Captioned web images
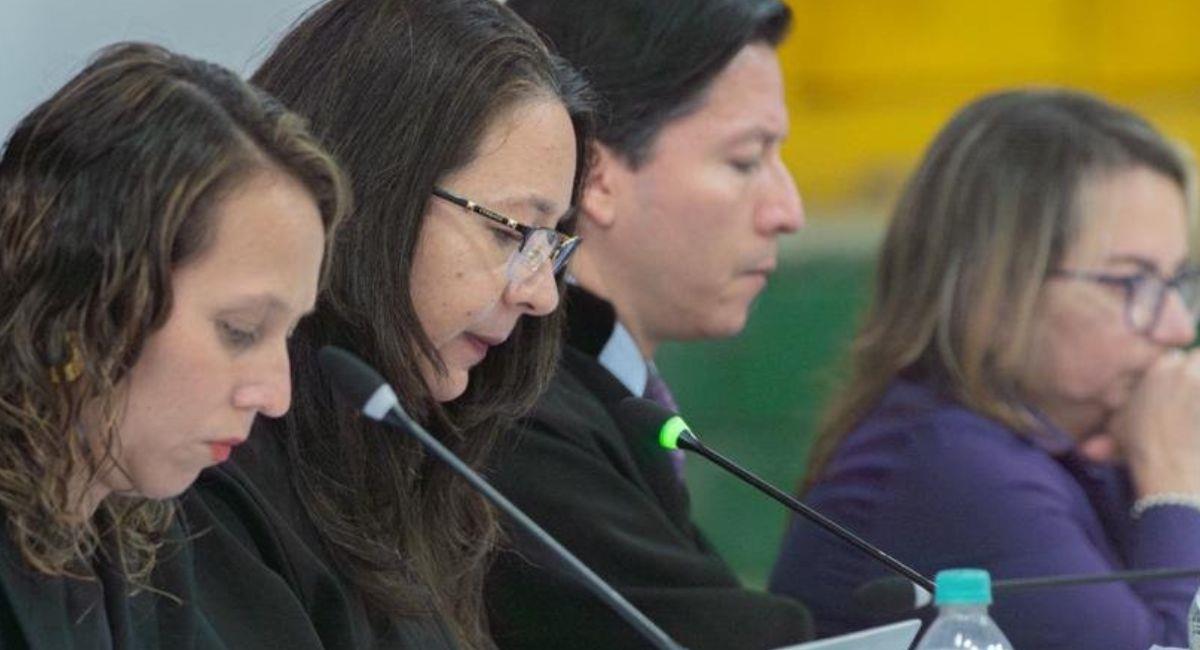 Magistrados dirigiendo una sesión en la Jurisdicción Especial para la Paz. Foto: Twitter @JEP_Colombia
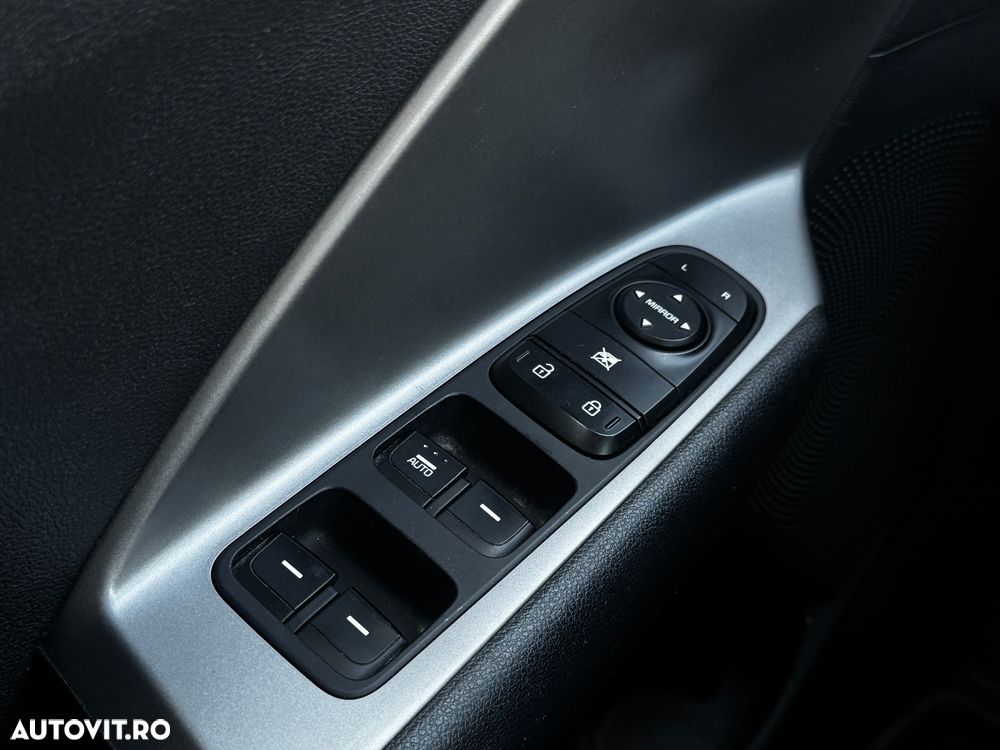 Kia Niro 1.6 GDI 6DCT HEV Comfort - 8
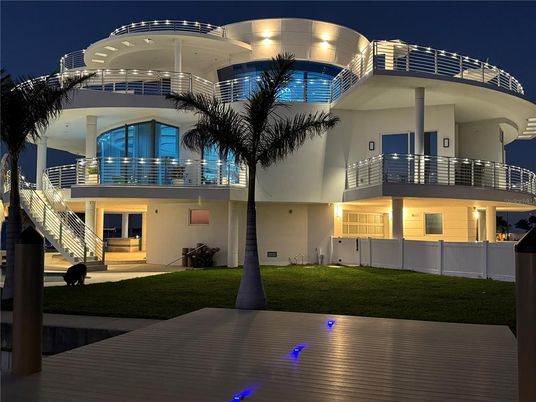 Backyard, Exterior, Facade, Modern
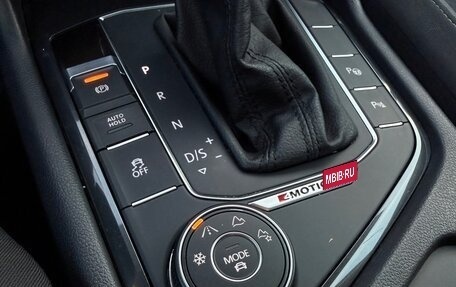 Volkswagen Tiguan II, 2017 год, 2 100 000 рублей, 26 фотография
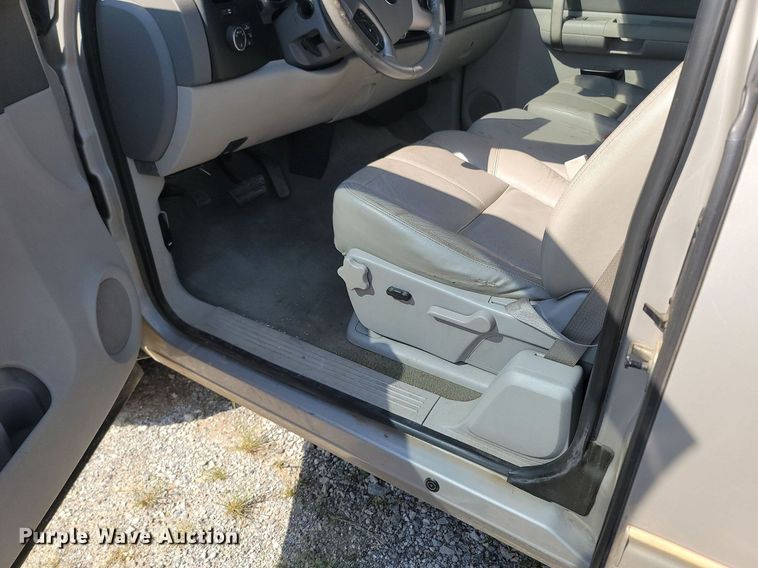 image for item OG9351 2009 GMC Sierra 1500  Ext. Cab pickup truck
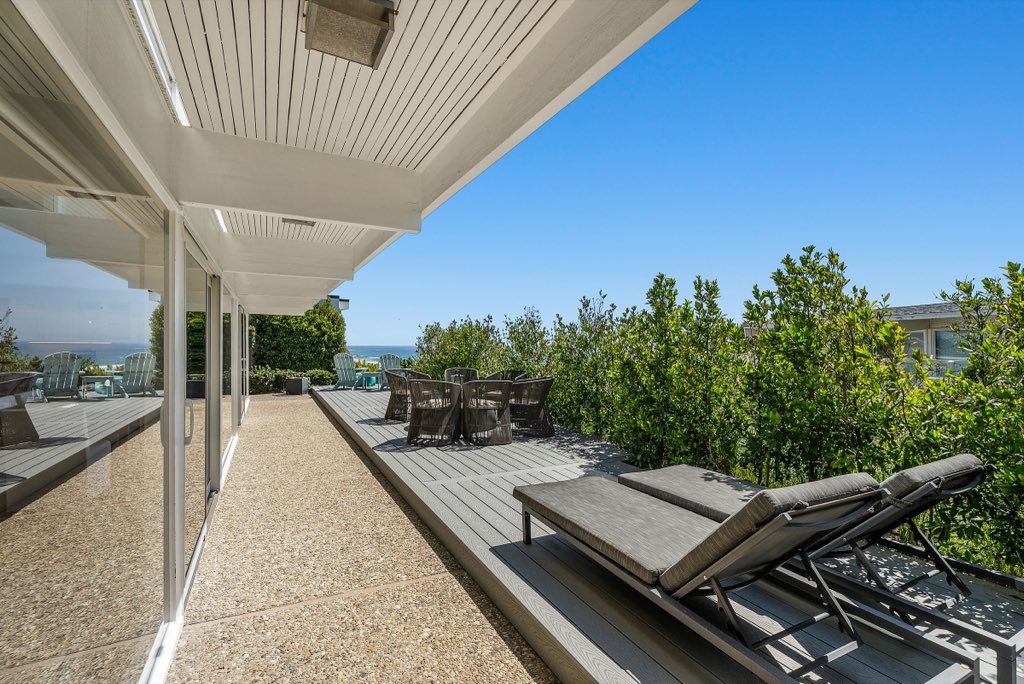 Bluff-top coastal home: Terrace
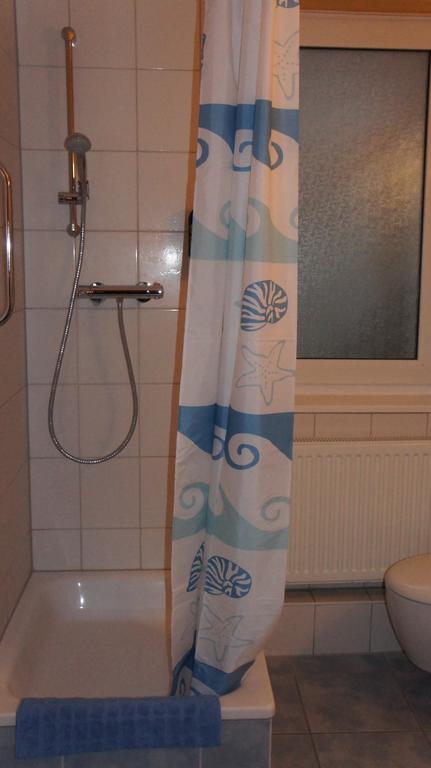 Ferienwohnungen Bütow Wißmar Zimmer foto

**Activity**: Return every entry word for word, minus the pictures.

**Result for this exercise**:
 Magistrados dirigiendo una sesión en la Jurisdicción Especial para la Paz. Foto: Twitter @JEP_Colombia
 Kia Niro 1.6 GDI 6DCT HEV Comfort - 8
 Backyard, Exterior, Facade, Modern
 Volkswagen Tiguan II, 2017 год, 2 100 000 рублей, 26 фотография
 image for item OG9351 2009 GMC Sierra 1500  Ext. Cab pickup truck
 Bluff-top coastal home: Terrace
 Ferienwohnungen Bütow Wißmar Zimmer foto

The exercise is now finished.